> **HOW TO COMPLETE THIS TASK**: Print exactly the lines from the one that contains "Auch der Papst" through the final line of the entries below, both included, and nothing else; omit the pictures.

Data records:
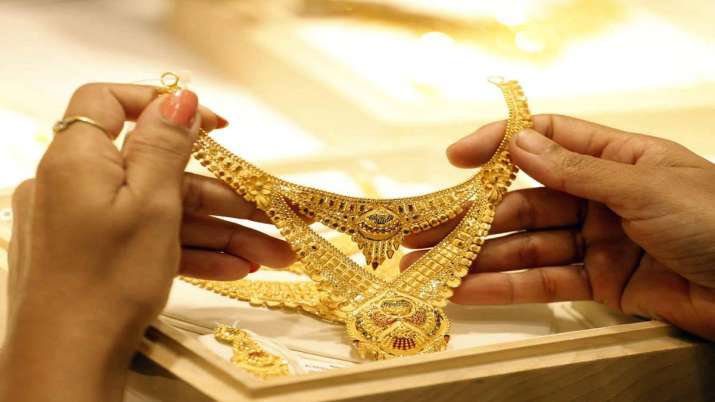 Gold jumps Rs 332 on positive global trend Gold jumps Rs 332 on positive global trend- India TV Paisa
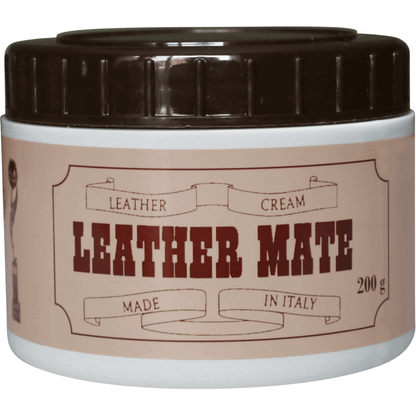 Leather Mate leather conditioner is considered one of the best leather conditioners on the market, providing long-lasting protection and restoration to genuine leather. This high-quality leather cream effectively moisturizes and rejuvenates leather.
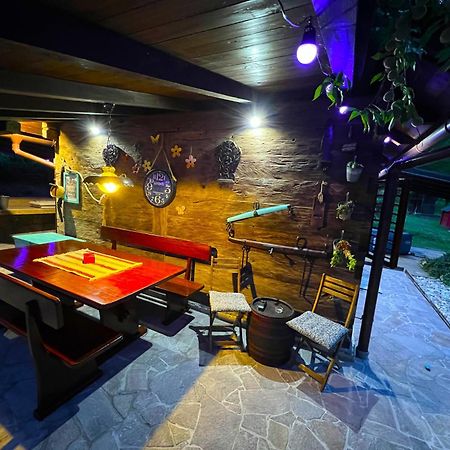 Villa Pepeljuga Kuca Za Odmor Vizovlje ภายนอก รูปภาพ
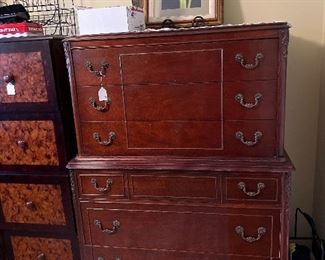 Antique Mahogany chest of drawers 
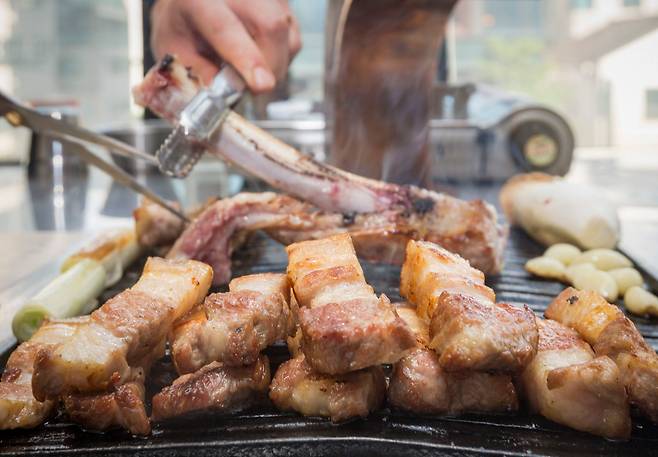 소주에서 마셨을 때 올라오는 씁쓸한 피니시는, 노릿하게 구워진 삼겹살 한 점이면 깔끔하게 정돈됩니다. /김지호 기자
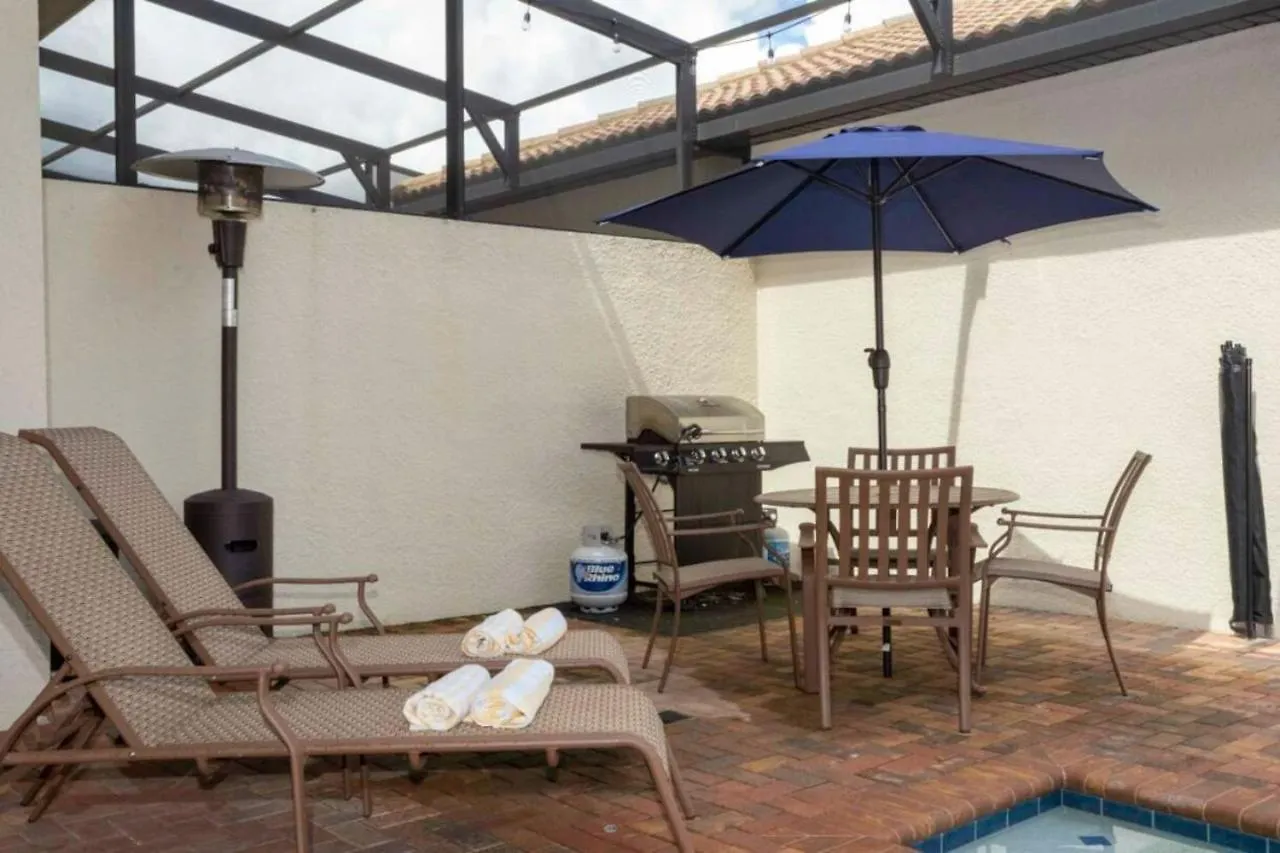 Holiday home 5 Bedroom 5 Bathroom Windsor At Westside 8900al *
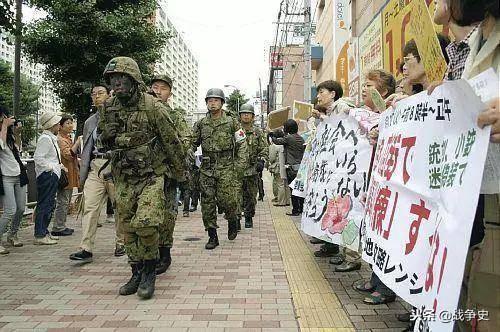 日本自卫队老兵用熨斗烫新兵的屁股？不用震惊，这其实是传统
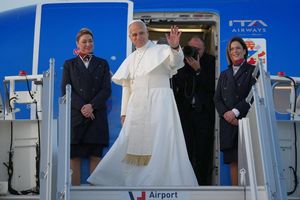 Auch der Papst ist derzeit mit einer Airbus-Maschine unterwegs. - Foto: Alessandra Tarantino/AP/dpa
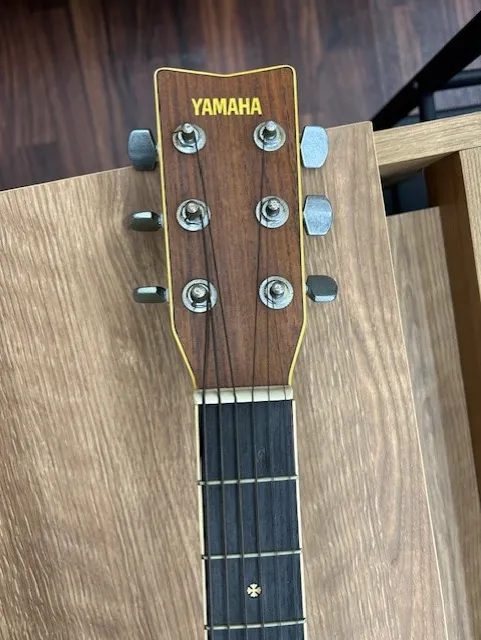 アコースティックギター-01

> **WORKED SOLUTION**:
 Auch der Papst ist derzeit mit einer Airbus-Maschine unterwegs. - Foto: Alessandra Tarantino/AP/dpa
 アコースティックギター-01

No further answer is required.